KEBE-FM (95.1 MHz) is a terrestrial American radio station, licensed to Jacksonville, Texas, United States. KEBE-FM is owned by the North Texas Radio Group, L.P..

History
KEBE-FM was initially proposed by Tomlinson-Leis Communications, L.P. through a short form application filed with the Federal Communications Commission and granted on November 17, 2015. The facility is proposed to be constructed on the KEBE tower in Jacksonville, which also provides a transmission site for the KEBE relay FM translator 104.7 K284CT.

KEBE-FM was granted the call sign on September 27, 2018. The call letters were randomly assigned to the AM sister station in 1947, but were later coined by original owner Dudley Waller to stand for "Keeping Every Body Entertained". The KEBE-FM call sign that this facility is now assigned, once belonged to 106.5 KOOI, having been assigned to the facility in 1968, and continuing to utilize them until 1983.

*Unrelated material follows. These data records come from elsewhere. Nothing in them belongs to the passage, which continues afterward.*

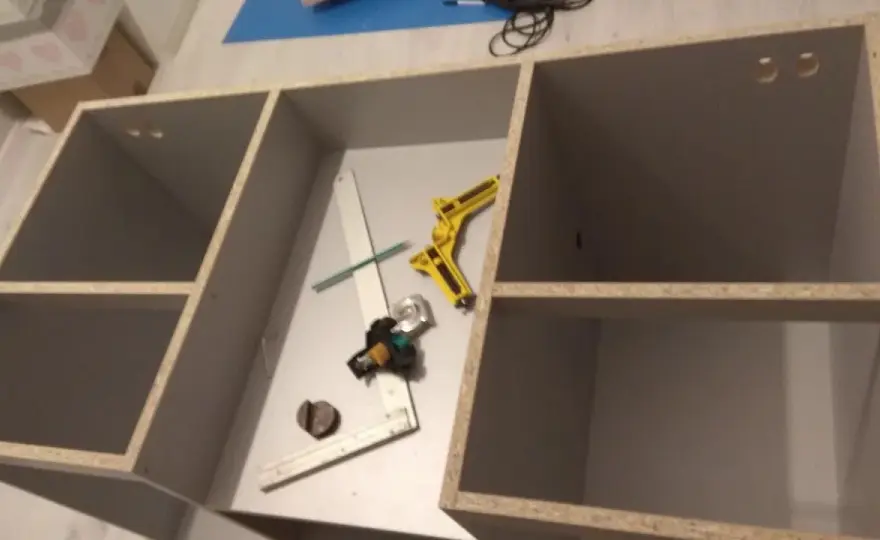 Jak zbudować szafkę pod akwarium DIY - uniknij najczęstszych błędów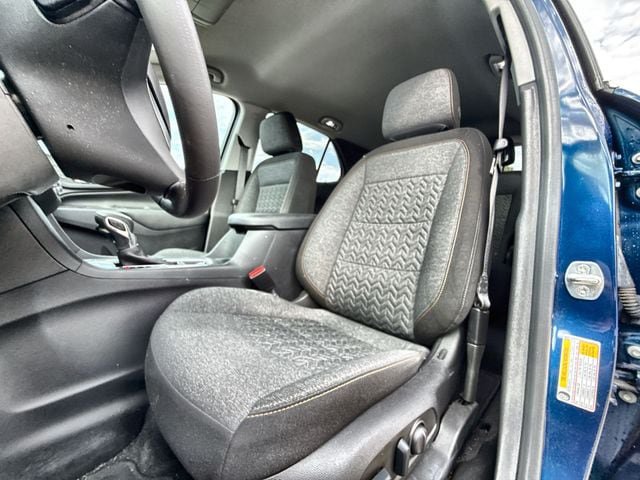 Used 2022 Chevrolet Equinox LT FWD image 11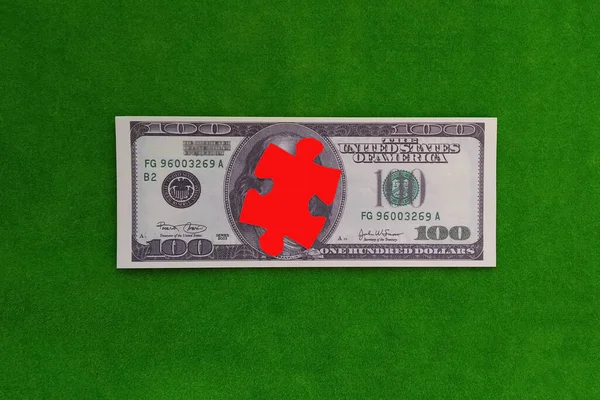 Quebra Cabeça Vermelho Nota Dólar Americano Num Fundo Verde Planejamento — Fotografia de Stock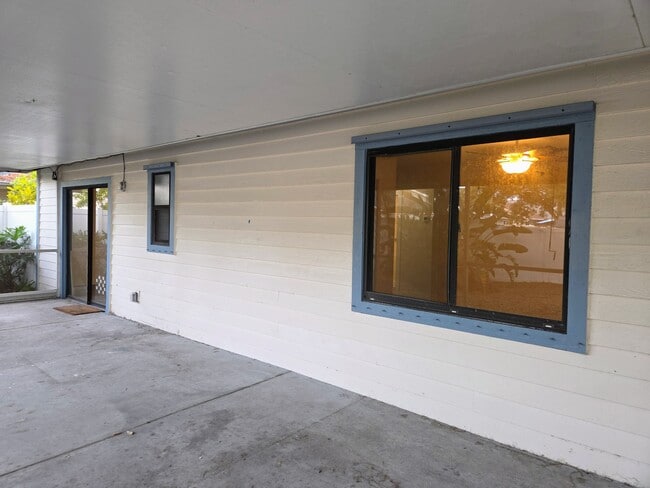 Building Photo - 1717 Needles Ln E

The proposed facility is permitted to operate, once licensed, at an ERP of 200 watts, from an elevation of 86.9 meters height above average terrain. Tomlinson-Leis Communications sold the construction permit for the facility to North Texas Radio Group, L.P. on January 23, 2018.

KEBE-FM filed for a License to Cover the Class A FM facility on October 31, 2018.

On July 16, 2022 KEBE-FM went silent after the tower owner, Chisholm Trail Communications LLC, ceased electrical power at the site, as they prepared to sell the AM facility and tower to North Texas Radio Group. This will result in 1400 KEBE and 95.1 KEBE-FM becoming sister stations once again.